Glancy defines  personal autonomy privacy as “…an individual’s ability to control such matters as who knows where she is now, where will she go next, when she will depart, how she will get there and with whom, as well as who  can predict or decide where, when, and how she will travel in the future.”

Will the passenger’s destination be fed into a central network whose responsibility is to lessen traffic congestion? Who will have access to that information? Can the passenger insist on a route that the network thinks will lead to more congestion and less safe driving conditions?  How much control will the passenger exercise over an autonomous vehicle?

The problem with personal information is similar to concerns that we are already seeing with data mining on the Internet.  I look forward to the day when I can enter an autonomous car and tell it to take me to a grocery store.  I don’t look forward to being assaulted by ads promoting specials and deals at the store.  Nor am I comfortable with the idea that somewhere some big multinational (or government) will have a complete record of all my comings and goings.

The issues with surveillance are also similar to what we are seeing today.  When can the government demand the data from my use of autonomous cars?   If you routinely rent a car (which some futurists expect to be the most common form of autonomous vehicles), does the government need a warrant to demand data from the rental company?

Privacy is a problem for all civilian UGVs
Note how the privacy concern about autonomous cars extends to other civilian applications of UGVs.  Consider a healthcare robot that injects medication into a patient. Will an insurance company be able to demand the records of a healthcare robot about a patient’s compliance with medication?  In a semi-public hospital setting this may not seem invasive, but this may not be true in a home care situation.  Can the patient overrule the unmanned system about the amount and timing of medication?  Can the government secure the records to investigate if the patient is forgoing injections and selling the medicine on the black market?   Since he doesn’t own the robot, he may not have an expectation of privacy for this very personal information.

Privacy is a technological problem
For unmanned system developers, privacy may seem like someone else’s problem.  As long as they are permitted to sell their offerings on the market, who cares what the laws are?  That’s a political challenge not a technological one.

Glancy contends that unmanned system developers will have to pay special attention to privacy concerns, because they “… will influence how autonomous vehicles are configured, just as individual privacy and freedom will be affected by the ways in which autonomous vehicles are designed and operated.  Infusing privacy into these powerful disruptive technologies will present many challenges, none of them insurmountable.

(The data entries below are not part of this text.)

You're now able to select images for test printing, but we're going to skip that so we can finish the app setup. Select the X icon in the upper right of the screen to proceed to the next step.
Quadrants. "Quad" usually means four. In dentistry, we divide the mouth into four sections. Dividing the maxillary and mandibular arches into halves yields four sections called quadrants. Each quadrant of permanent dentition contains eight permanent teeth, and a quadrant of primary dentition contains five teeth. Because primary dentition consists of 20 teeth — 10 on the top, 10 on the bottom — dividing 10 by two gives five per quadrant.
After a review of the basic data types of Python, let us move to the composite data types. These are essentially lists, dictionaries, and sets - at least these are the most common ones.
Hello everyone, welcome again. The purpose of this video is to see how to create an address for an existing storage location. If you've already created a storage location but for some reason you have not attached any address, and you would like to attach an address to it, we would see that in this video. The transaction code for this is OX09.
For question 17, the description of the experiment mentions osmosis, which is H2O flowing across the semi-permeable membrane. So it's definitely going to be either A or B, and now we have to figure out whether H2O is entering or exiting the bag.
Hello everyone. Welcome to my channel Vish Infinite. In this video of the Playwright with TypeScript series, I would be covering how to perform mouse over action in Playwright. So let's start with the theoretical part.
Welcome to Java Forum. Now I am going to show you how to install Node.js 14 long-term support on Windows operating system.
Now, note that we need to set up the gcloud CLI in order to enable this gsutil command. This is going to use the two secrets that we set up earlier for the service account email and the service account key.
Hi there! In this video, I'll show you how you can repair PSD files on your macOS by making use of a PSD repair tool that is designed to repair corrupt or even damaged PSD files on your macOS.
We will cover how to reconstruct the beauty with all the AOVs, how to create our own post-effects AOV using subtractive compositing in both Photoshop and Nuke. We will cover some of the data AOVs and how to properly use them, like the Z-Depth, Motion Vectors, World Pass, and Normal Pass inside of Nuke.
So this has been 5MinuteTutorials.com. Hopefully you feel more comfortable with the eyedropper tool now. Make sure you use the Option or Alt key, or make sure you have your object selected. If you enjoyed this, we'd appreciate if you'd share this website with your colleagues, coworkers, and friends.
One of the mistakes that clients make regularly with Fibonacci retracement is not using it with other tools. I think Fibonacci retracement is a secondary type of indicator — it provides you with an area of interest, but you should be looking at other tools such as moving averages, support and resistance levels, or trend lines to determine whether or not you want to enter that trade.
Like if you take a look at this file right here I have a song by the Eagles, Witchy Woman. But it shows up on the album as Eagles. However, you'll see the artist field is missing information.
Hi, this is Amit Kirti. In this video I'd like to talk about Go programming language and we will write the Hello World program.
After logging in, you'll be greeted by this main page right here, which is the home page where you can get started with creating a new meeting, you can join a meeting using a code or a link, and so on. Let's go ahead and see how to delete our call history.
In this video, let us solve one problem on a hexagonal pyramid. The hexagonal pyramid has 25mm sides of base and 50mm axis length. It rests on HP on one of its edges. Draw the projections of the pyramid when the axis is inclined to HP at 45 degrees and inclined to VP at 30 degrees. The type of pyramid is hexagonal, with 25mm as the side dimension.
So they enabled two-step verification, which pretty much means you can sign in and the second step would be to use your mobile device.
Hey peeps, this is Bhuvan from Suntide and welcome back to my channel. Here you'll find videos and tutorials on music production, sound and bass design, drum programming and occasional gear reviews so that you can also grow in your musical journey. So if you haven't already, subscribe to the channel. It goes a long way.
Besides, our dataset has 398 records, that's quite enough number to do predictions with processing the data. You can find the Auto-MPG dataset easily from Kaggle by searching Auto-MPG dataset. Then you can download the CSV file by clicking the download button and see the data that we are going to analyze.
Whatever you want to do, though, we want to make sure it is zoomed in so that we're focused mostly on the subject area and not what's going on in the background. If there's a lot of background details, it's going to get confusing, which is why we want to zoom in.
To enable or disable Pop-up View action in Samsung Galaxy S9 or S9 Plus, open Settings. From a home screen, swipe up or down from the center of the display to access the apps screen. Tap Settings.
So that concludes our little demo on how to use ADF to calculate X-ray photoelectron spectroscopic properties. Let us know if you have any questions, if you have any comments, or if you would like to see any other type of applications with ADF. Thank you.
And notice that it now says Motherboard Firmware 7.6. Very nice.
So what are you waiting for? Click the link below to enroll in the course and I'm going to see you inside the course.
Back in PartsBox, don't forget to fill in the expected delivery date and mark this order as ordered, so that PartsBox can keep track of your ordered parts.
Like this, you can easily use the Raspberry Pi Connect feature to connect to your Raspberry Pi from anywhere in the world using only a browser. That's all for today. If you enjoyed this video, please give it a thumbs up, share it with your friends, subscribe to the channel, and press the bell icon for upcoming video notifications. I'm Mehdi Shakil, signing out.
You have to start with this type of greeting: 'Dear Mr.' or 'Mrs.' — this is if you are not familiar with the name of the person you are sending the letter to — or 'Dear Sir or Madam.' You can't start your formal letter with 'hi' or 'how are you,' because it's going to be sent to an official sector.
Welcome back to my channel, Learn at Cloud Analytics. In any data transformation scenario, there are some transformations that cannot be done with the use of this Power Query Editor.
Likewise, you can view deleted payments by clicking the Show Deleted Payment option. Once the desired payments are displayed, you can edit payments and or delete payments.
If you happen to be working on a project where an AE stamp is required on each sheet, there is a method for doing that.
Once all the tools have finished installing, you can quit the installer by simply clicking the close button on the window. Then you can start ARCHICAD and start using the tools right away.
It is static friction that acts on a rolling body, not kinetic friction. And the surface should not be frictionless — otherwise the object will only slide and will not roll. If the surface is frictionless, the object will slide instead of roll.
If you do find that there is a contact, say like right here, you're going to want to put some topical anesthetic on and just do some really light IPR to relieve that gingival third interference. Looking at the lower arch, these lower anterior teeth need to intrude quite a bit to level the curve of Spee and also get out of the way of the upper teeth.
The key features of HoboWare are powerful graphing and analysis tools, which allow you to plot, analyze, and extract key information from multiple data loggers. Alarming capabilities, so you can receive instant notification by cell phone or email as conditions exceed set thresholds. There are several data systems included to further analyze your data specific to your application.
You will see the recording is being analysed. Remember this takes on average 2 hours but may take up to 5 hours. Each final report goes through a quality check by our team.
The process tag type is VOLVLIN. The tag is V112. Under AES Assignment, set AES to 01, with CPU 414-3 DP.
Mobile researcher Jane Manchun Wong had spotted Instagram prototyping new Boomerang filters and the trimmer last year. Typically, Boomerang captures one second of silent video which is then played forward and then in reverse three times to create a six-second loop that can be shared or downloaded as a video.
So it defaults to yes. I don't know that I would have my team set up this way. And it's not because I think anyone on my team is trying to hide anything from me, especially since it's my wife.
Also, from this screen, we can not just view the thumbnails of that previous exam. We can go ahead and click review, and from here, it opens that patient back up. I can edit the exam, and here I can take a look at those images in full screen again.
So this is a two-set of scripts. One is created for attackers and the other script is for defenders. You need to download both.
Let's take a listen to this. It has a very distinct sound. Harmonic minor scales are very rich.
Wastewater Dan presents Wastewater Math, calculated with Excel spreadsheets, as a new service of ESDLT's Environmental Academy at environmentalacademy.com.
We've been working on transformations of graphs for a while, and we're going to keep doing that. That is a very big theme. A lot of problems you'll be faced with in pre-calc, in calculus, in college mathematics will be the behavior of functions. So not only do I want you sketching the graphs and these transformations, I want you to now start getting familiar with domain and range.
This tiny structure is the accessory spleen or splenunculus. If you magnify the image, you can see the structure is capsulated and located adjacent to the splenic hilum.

In the end, the future success of autonomous vehicles will depend in part on how well privacy interests and autonomous vehicles can work together.”

If a manufacturer produces a robot that can be configured easily to comply with new privacy laws, it may end up to be the “next big thing,” instead of a technological “also ran.” Privacy may prove to be a major factor in determining which unmanned technology becomes widespread.

Who knows?  Maybe UGVs will even get a “child-proof” chip, so the father mentioned at the beginning of this article can be safe from prying eyes.